For most cops and their supporters, the rising homicide rate over the past year—surging in Baltimore and St. Louis, creeping up in New York and elsewhere—is the inevitable result of demoralized police departments. The price of rage can be calculated in the number of cops who have been targeted and shot—most notoriously, NYPD officers Wenjian Liu and Rafael Ramos last December and, just last week, Deputy Darren Goforth in Texas.
The price of fear and distrust is harder to gauge. After nearly a year of relentless coverage of stories portraying police as irredeemably brutal and racist—whether the facts surrounding the deaths remain troublingly obscure, as with Freddie Gray in Baltimore, or appear plainly criminal, as with Walter Scott in North Charleston, S.C.—who knows how many people in danger now hesitate before calling the police, or don’t call at all? Who knows how many kids doing something stupid now think of resisting cops not just as an option but as a moral obligation?

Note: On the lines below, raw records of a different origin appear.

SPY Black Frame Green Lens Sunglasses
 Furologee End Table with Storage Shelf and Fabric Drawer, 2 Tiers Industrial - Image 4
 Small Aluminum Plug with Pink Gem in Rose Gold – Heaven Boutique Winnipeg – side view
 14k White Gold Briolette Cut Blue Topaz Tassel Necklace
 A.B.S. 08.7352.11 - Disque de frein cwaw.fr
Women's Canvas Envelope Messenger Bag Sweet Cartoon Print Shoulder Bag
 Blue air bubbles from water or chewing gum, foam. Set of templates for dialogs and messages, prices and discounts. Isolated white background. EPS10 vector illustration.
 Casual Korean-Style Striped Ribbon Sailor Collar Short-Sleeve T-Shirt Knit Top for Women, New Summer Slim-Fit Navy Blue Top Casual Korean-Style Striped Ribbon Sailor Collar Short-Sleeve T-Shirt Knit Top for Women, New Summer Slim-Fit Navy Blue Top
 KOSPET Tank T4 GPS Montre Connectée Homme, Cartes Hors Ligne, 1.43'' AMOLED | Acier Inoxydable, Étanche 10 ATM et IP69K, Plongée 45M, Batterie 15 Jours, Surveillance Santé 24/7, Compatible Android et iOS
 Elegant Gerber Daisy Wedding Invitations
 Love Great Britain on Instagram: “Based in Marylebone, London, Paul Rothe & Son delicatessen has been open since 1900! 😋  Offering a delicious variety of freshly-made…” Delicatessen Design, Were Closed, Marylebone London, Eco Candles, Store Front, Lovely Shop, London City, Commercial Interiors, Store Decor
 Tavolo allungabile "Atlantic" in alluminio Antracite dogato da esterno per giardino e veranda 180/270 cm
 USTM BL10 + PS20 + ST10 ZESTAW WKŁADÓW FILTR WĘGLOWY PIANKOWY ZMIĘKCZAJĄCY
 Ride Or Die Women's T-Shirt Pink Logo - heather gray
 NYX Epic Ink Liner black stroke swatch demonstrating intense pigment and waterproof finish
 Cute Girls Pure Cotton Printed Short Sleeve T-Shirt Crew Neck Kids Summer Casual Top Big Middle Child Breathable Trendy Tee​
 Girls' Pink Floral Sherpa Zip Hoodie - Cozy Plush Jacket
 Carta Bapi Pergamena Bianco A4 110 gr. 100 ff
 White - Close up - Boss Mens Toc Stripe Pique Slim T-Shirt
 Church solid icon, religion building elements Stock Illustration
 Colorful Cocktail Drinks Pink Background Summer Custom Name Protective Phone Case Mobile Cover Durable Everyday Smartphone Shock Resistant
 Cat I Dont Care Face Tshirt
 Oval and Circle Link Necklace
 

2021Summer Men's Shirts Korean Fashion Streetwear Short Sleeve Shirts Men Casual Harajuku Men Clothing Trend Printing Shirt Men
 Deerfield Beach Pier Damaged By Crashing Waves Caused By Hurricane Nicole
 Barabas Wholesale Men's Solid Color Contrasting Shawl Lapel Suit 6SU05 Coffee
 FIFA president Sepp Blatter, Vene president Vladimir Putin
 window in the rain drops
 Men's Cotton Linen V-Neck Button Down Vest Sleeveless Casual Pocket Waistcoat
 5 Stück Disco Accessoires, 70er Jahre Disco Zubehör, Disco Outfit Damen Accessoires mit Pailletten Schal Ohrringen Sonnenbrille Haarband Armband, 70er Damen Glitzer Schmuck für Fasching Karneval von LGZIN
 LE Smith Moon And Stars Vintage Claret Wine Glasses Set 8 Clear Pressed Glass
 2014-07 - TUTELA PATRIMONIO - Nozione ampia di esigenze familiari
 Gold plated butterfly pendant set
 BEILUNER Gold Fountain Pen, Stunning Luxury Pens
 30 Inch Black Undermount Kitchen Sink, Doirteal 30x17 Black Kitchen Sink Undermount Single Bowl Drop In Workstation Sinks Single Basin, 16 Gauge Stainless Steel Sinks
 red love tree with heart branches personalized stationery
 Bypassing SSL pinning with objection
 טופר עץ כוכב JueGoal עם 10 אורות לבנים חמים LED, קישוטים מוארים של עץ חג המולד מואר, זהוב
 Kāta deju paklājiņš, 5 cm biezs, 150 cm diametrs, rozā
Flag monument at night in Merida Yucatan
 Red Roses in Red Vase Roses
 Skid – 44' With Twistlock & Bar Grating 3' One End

And who knows how many qualified black kids with ambitions to serve their communities now reject the possibility of doing so in a police uniform? In May, Ismael Ozanne, the biracial district attorney of Madison, Wis., announced that charges would not be brought against the white officer who shot Tony Robinson, a biracial 19-year-old. Even as he acknowledged the urgency of issues of racial disparity, he lamented that black high-school students who had been interested in law enforcement were now rejecting it, “when that is precisely where their view and experiences are needed.”